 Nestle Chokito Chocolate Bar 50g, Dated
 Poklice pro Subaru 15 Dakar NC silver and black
* * *
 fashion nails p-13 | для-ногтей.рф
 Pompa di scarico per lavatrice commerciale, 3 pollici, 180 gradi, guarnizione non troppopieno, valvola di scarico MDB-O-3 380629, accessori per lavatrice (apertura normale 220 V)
* * *
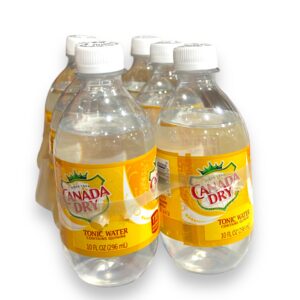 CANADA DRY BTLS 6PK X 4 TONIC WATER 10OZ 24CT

= What is being asked =
All that is wanted is an exact copy of the lines above from the one with "Nestle Chokito Chocolate Bar 50g, Dated" through the one with "Poklice pro Subaru", with both ends included.

= Written solution =
 Nestle Chokito Chocolate Bar 50g, Dated
 Poklice pro Subaru 15 Dakar NC silver and black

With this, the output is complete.